For the first time in 150 years visitors to Chedworth can have a full Roman experience, walking just above precious Roman mosaics on walkways and viewing platforms thanks to a new conservation shelter at Chedworth Roman Villa.
Opened this month, the £3 million development, which includes a refurbished visitor centre, lets people see recently excavated mosaics not seen for 150 years – with more to be uncovered over the coming year. Visitors will be able to see the archaeologists at work and also meet conservators preparing mosaics for display.
The National Trust’s project to protect the fragile remains of the villa has involved creating a new environmentally-controlled conservation shelter over the mosaics in the west range, to replace old Victorian sheds. Uniquely, the shelter rests on the original walls of the villa, recreating many of the rooms inside the villa and allowing people to experience, for the first time, the scale of the spaces the villa’s owners lived in.
To add to the experience for visitors, a new café and a refurbished visitor centre have been included in the development which has funding support from the Heritage Lottery Fund.
Instead of looking into the sheds put up by the Victorians following the excavations in the 1860s, visitors will be able to enter the new Conservation Shelter and walk on suspended walkways just above the Roman floors looking down through the steel gratings and timber slatted covering. The shelter gives visitors a sense of the sights, sounds and smells which would have greeted visitors to the villa in the 4th Century, giving a glimpse into Romano-British life of 1600 years ago.
In addition, the Victorian built museum on site has been re-displayed, showing the artefacts recovered after the villa was first discovered in 1864.
‘Our archaeologists have known these extra mosaics lay hidden here at Chedworth since the Victorians reburied them but they were not as well protected underground as they could be in this new building, protected from frost and other damage,’ said Janet Gough, Property Manager.
‘Importantly the new building also allows much better access to the Roman remains and mosaics, with the walkways allowing visitors to look down on the mosaics and new ways of explaining the Roman history of Chedworth which we hope really brings the place to life.’
National Trust archaeologist Martin Papworth said the newly revealed mosaics include one of the longest in-situ corridor mosaics in the country at 35 metres long, excavation of which will be completed in the summer.

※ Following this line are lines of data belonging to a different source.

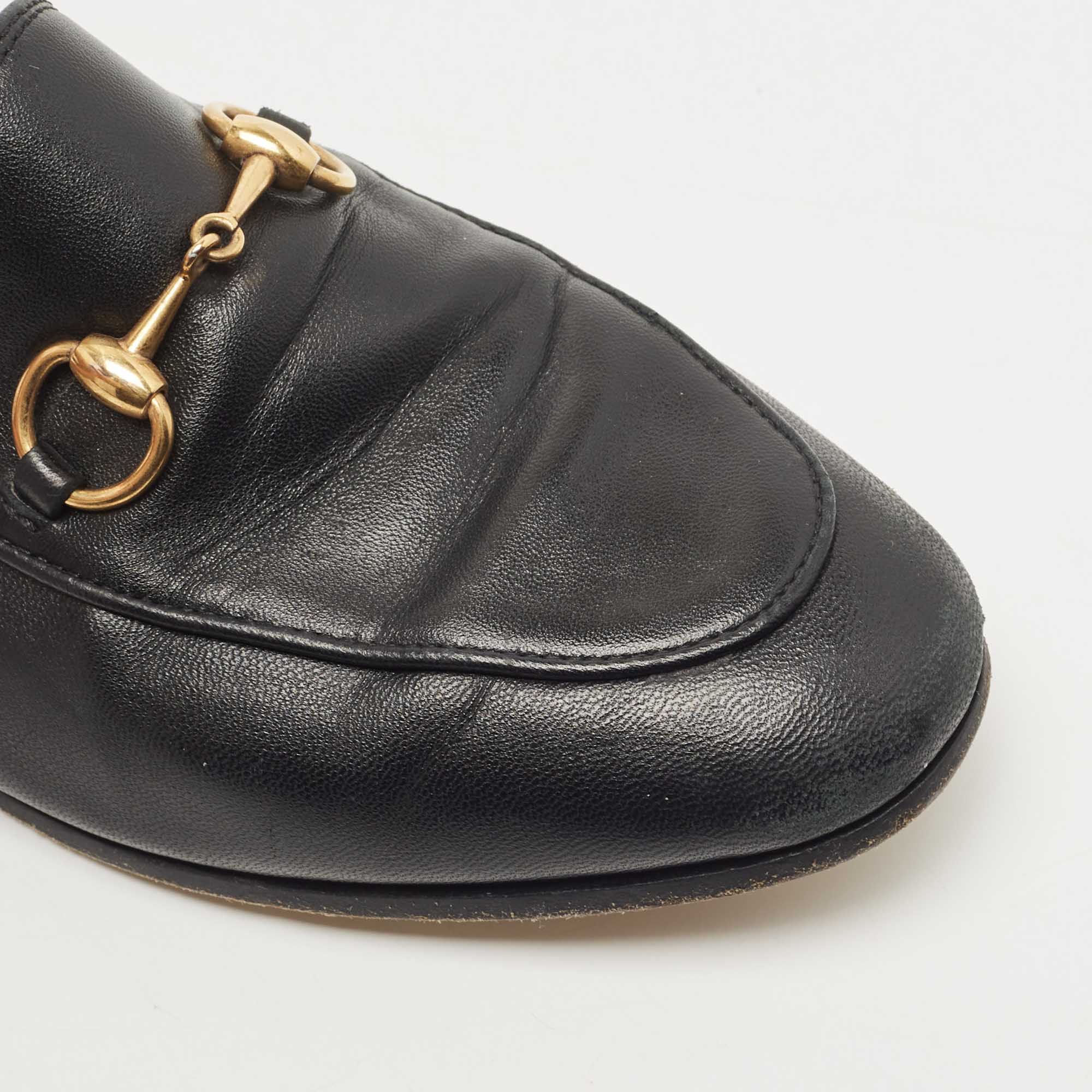 Gucci Black Leather Jordaan Loafers Size 35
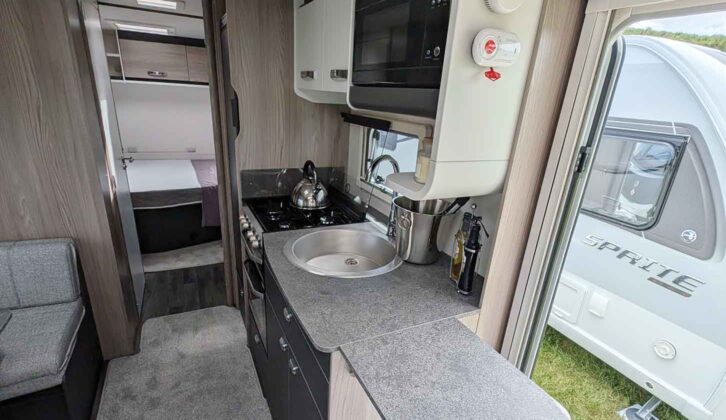 The kitchen with the extension in place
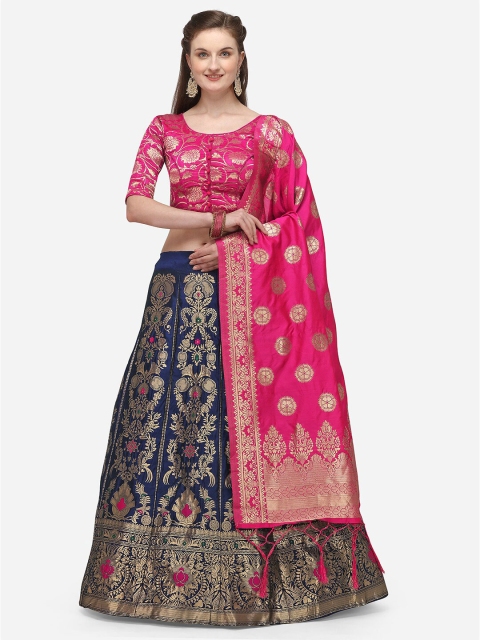 

JATRIQQ Pink & Navy Blue Woven Design Semi-Stitched Lehenga & Unstitched Blouse with Dupatta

The Victorian shelters previously displayed three mosaics in the Bath House and one in the Triclinium or dining room. The excavations will, for the first time in 150 years, allow the display of the corridor mosaics, and three others in an additional room and two short corridors.
Martin explained: ‘There is still one section of the corridor mosaic to be excavated in the centre of the corridor. We know it is where the doorway was and we hope that it might reveal a new design in the mosaics that we don’t know about. The walkways will provide ideal platforms for people to watch us this summer and see if we do find something exciting. Once excavated we are simply cleaning the mosaics and stabilising them with other conservation work to follow to ensure they remain in the condition they were found when revealed.’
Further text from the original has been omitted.